• [TASK OBJECTIVE]
Beginning with the line below that contains "vidaXL Gabion Raised" and ending with the line that contains "Personalized Australia NSW", copy every line exactly. Copy nothing else.

• [SOURCE MATERIAL]
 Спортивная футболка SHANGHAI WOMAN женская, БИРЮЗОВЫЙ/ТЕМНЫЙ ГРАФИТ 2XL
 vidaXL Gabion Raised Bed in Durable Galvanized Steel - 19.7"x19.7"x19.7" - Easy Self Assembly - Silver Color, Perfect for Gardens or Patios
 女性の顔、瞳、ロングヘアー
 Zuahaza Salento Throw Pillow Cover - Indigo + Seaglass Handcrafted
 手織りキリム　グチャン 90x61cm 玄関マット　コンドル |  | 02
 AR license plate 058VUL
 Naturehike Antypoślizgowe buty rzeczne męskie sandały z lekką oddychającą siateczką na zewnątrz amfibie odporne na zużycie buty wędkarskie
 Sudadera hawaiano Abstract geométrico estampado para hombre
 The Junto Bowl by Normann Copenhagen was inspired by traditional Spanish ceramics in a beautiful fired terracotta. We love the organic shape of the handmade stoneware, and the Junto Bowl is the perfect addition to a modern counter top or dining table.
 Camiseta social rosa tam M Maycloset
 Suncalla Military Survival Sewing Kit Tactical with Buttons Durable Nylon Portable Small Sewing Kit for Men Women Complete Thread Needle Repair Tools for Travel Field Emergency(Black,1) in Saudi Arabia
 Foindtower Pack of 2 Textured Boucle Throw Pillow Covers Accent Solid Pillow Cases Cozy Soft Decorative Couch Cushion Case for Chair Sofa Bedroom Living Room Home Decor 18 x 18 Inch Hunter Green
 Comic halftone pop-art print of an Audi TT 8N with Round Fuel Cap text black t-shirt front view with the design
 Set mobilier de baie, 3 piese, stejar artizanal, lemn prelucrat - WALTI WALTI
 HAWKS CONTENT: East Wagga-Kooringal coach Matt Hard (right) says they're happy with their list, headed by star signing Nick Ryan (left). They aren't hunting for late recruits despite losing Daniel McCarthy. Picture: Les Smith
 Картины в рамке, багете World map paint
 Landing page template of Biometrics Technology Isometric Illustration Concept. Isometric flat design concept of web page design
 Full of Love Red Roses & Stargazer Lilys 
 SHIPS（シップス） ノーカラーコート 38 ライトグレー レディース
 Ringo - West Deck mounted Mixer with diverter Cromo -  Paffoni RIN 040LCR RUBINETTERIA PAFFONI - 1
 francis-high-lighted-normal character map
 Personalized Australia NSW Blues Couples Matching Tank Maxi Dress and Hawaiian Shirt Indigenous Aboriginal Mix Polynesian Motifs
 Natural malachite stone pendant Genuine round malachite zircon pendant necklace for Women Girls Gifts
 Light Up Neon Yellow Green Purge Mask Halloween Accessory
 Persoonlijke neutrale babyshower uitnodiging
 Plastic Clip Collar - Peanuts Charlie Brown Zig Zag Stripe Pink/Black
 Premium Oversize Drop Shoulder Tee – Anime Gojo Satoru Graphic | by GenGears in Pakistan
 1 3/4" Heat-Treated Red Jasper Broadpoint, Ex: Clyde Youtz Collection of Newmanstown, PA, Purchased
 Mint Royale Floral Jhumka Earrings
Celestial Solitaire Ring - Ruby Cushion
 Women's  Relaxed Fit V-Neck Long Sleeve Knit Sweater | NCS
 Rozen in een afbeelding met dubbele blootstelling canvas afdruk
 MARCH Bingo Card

• [RESULT OF THIS TASK]
 vidaXL Gabion Raised Bed in Durable Galvanized Steel - 19.7"x19.7"x19.7" - Easy Self Assembly - Silver Color, Perfect for Gardens or Patios
 女性の顔、瞳、ロングヘアー
 Zuahaza Salento Throw Pillow Cover - Indigo + Seaglass Handcrafted
 手織りキリム　グチャン 90x61cm 玄関マット　コンドル |  | 02
 AR license plate 058VUL
 Naturehike Antypoślizgowe buty rzeczne męskie sandały z lekką oddychającą siateczką na zewnątrz amfibie odporne na zużycie buty wędkarskie
 Sudadera hawaiano Abstract geométrico estampado para hombre
 The Junto Bowl by Normann Copenhagen was inspired by traditional Spanish ceramics in a beautiful fired terracotta. We love the organic shape of the handmade stoneware, and the Junto Bowl is the perfect addition to a modern counter top or dining table.
 Camiseta social rosa tam M Maycloset
 Suncalla Military Survival Sewing Kit Tactical with Buttons Durable Nylon Portable Small Sewing Kit for Men Women Complete Thread Needle Repair Tools for Travel Field Emergency(Black,1) in Saudi Arabia
 Foindtower Pack of 2 Textured Boucle Throw Pillow Covers Accent Solid Pillow Cases Cozy Soft Decorative Couch Cushion Case for Chair Sofa Bedroom Living Room Home Decor 18 x 18 Inch Hunter Green
 Comic halftone pop-art print of an Audi TT 8N with Round Fuel Cap text black t-shirt front view with the design
 Set mobilier de baie, 3 piese, stejar artizanal, lemn prelucrat - WALTI WALTI
 HAWKS CONTENT: East Wagga-Kooringal coach Matt Hard (right) says they're happy with their list, headed by star signing Nick Ryan (left). They aren't hunting for late recruits despite losing Daniel McCarthy. Picture: Les Smith
 Картины в рамке, багете World map paint
 Landing page template of Biometrics Technology Isometric Illustration Concept. Isometric flat design concept of web page design
 Full of Love Red Roses & Stargazer Lilys 
 SHIPS（シップス） ノーカラーコート 38 ライトグレー レディース
 Ringo - West Deck mounted Mixer with diverter Cromo -  Paffoni RIN 040LCR RUBINETTERIA PAFFONI - 1
 francis-high-lighted-normal character map
 Personalized Australia NSW Blues Couples Matching Tank Maxi Dress and Hawaiian Shirt Indigenous Aboriginal Mix Polynesian Motifs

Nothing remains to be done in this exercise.